Input:
-------------------------

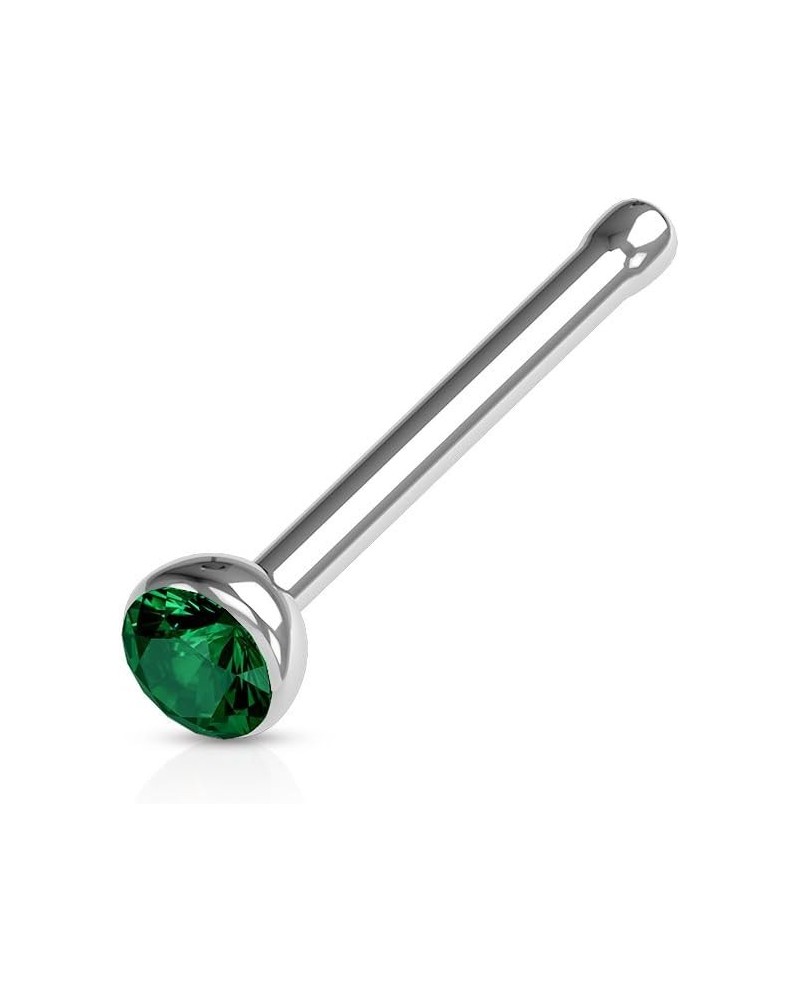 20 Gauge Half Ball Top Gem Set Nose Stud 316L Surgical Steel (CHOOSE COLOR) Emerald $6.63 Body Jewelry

-------------------------

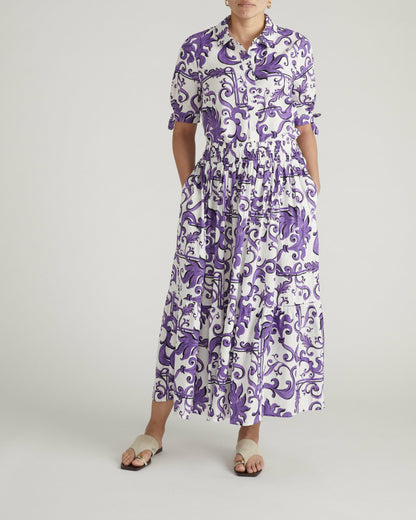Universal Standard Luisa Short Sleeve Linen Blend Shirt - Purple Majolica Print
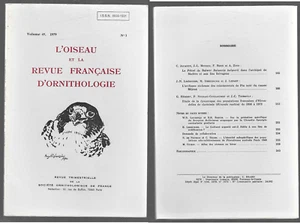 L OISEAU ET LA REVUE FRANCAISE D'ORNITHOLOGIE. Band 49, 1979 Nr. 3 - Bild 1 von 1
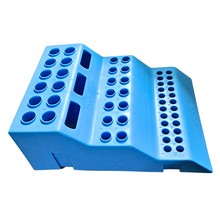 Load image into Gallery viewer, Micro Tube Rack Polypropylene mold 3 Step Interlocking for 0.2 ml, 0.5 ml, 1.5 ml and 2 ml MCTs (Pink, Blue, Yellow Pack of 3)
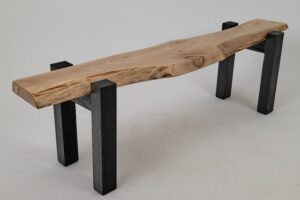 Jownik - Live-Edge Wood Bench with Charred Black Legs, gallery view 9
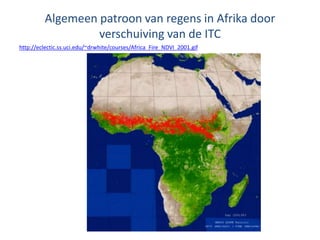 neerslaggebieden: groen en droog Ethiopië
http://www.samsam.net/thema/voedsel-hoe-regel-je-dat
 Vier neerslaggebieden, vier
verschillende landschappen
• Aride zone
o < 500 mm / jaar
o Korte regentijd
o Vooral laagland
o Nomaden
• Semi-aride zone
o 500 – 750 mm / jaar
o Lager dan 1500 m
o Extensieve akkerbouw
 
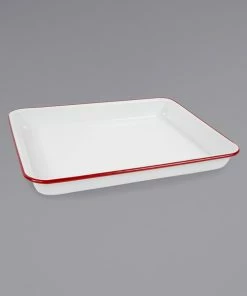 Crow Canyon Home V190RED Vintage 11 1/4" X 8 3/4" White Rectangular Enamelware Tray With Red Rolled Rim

-------------------------

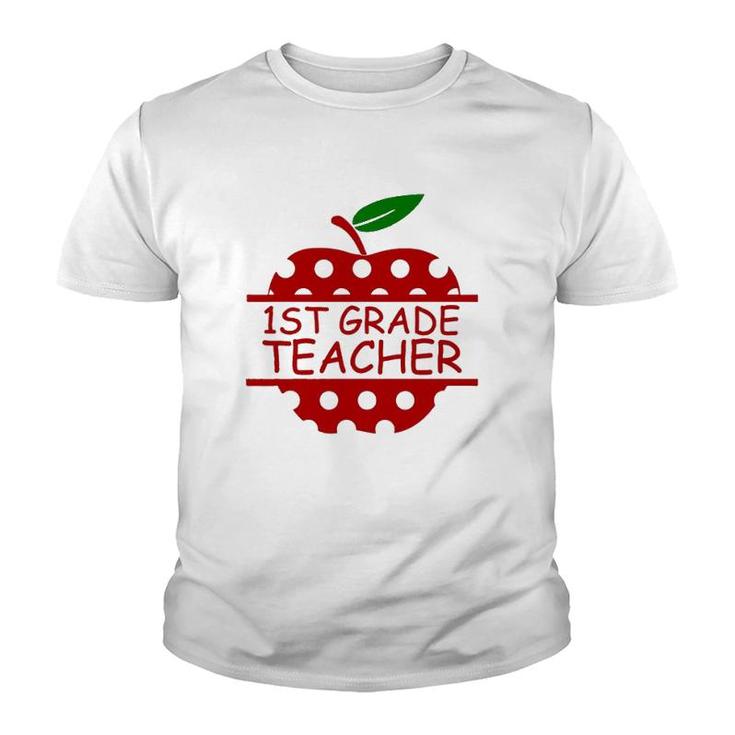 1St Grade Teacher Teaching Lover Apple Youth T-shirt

-------------------------

Required work: Give back exactly the lines of the listing above from the one that contains "verschillende landschappen" up to and including the one that contains "Crow Canyon Home", but not the pictures, and no other lines.

Answer section:
verschillende landschappen
• Aride zone
o < 500 mm / jaar
o Korte regentijd
o Vooral laagland
o Nomaden
• Semi-aride zone
o 500 – 750 mm / jaar
o Lager dan 1500 m
o Extensieve akkerbouw
 
 Crow Canyon Home V190RED Vintage 11 1/4" X 8 3/4" White Rectangular Enamelware Tray With Red Rolled Rim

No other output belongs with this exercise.